Um grupo de condrócitos que produziu 15-PGDH e expressou genes envolvidos na degradação da cartilagem caiu de 8% das células para 3% após o tratamento. Outro grupo associado à produção de fibrocartilagem caiu de 16% para 8%.
Enquanto isso, uma população de células envolvidas na construção da cartilagem hialina e na manutenção da matriz extracelular aumentou de 22% para 42%.
No geral, os resultados sugerem que o tratamento muda a cartilagem para um estado mais jovem e saudável, sem a necessidade de células-tronco ou progenitoras.
Cartilagem Humana Também Respondeu
A equipe então examinou a cartilagem removida de pessoas submetidas à cirurgia de substituição total do joelho devido à osteoartrite.
Após uma semana de tratamento com o inibidor 15-PGDH, o tecido apresentou menos células que degradam a cartilagem e menor atividade de genes ligados à degradação da cartilagem e à produção de fibrocartilagem. As amostras também começaram a gerar nova cartilagem articular.

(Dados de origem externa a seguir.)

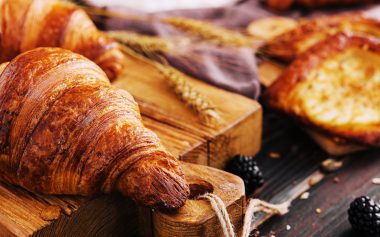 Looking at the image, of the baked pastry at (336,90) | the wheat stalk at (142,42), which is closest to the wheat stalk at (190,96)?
the wheat stalk at (142,42)

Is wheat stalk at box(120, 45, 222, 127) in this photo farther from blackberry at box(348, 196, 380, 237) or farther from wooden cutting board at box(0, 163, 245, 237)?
blackberry at box(348, 196, 380, 237)

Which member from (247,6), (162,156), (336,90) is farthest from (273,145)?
(247,6)

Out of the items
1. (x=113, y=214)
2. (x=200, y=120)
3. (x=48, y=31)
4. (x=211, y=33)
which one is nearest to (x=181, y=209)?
(x=113, y=214)

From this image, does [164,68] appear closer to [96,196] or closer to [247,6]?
[96,196]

“O mecanismo é bastante impressionante e realmente mudou a nossa perspectiva sobre como a regeneração dos tecidos pode ocorrer”, disse Bhutani. “É claro que um grande conjunto de células já existentes na cartilagem está a alterar os seus padrões de expressão genética. E ao direcionar estas células para regeneração, podemos ter a oportunidade de ter um impacto clínico geral maior.”
Blau acrescentou: “Os ensaios clínicos de fase 1 de um inibidor de 15-PGDH para fraqueza muscular mostraram que ele é seguro e ativo em voluntários saudáveis. Nossa esperança é que um ensaio semelhante seja lançado em breve para testar seu efeito na regeneração da cartilagem. Estamos muito entusiasmados com este avanço potencial. Imagine regenerar a cartilagem existente e evitar a substituição da articulação”.
Pesquisadores do Sanford Burnham Prebys Medical Discovery Institute também contribuíram para o estudo.
A pesquisa foi financiada pelos Institutos Nacionais de Saúde (doações R01AR070864, R01AR077530, R01AG069858 e R00NS120278), pela Fundação Baxter para Biologia de Células-Tronco, pela Fundação Li Ka Shing, pelo Instituto Cardiovascular de Stanford, pela Fundação de Pesquisa da Via Láctea, pelos Institutos Canadenses de Pesquisa em Saúde, uma bolsa piloto de pesquisa translacional e medicina aplicada de Stanford, uma bolsa piloto de pesquisa translacional de Stanford e medicina aplicada. Bolsa de pós-doutorado GlaxoSmithKline Sir James Black e bolsa de pós-doutorado do reitor de Stanford.
Blau, Bhutani e vários coautores são inventores de pedidos de patente da Universidade de Stanford envolvendo inibição de 15-PGDH para reparo de cartilagem e rejuvenescimento de tecidos que foram licenciados para Epirium Bio. Blau é cofundador da Myoforte/Epirium e possui ações e opções de ações na empresa.